Com a facilidade de fotografar gerada pelas câmeras digitais, cresceu a quantidade de imagens iguais, tornando pontos turísticos em fotos comuns. Para acabar com isso, o designer Philip Schmitt criou a Restricta, que impede as fotos tradicionais em locais muito clicados.

Como funciona

A câmera se conecta ao celular que fornece o GPS e a internet para que ela identifique onde você está e busque fotos com a mesma geolocalização na web. Se houver muitas imagens na rede, ela retrai a lente e bloqueia o visor, impedindo que você caia no clichê.

Vale ressaltar que a máquina não consegue julgar a criatividade da foto. Ela só usa como critério, para permitir ou não a captura, a localização, impedindo cliques em locais públicos muito conhecidos.

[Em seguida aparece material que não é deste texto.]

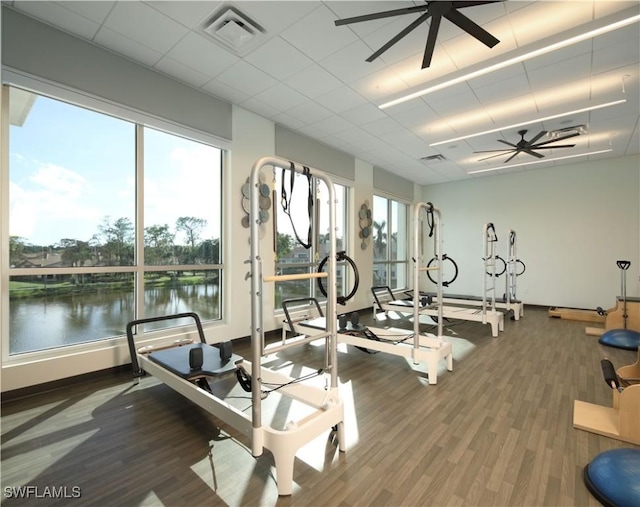 858 Wyndemere Way, Naples, FL 34105 - exercise room with a ceiling fan, wood finished floors, a drop ceiling, and a water view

Também conta com um recurso de aviso sonoro. Então, sempre que você estiver em lugar desses ouvirá um som parecido com o do detector de metais. Os ambientes que normalmente contam com uma infinidade de imagens na internet são museus, casas de show e pontos turísticos.

Como é feita

A Restricta é impressa via 3D e tem um controlador eletrônico para retrair a lente e um aplicativo de celular, desenvolvido com código aberto, que coordena o funcionamento do dispositivo.

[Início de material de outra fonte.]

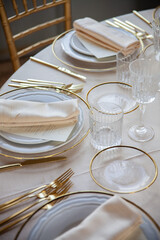 Hall of an ancient castle with catering for wedding events. The tables are set up with fine plates, glasses and cutlery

A ideia do inventor é questionar a prática da fotografia atual. Por isso o GPS lê uma área de mais de mil metros quadrados. Ele espera fazer com que as pessoas reflitam sobre as fotos de hoje em dia e pensem em imagens mais criativas; voltar a fazer disso uma arte. Além disso, a câmera também pode ajudar instituições públicas e privadas ao impedir que sejam feitas fotos em locais não permitidos, como museus.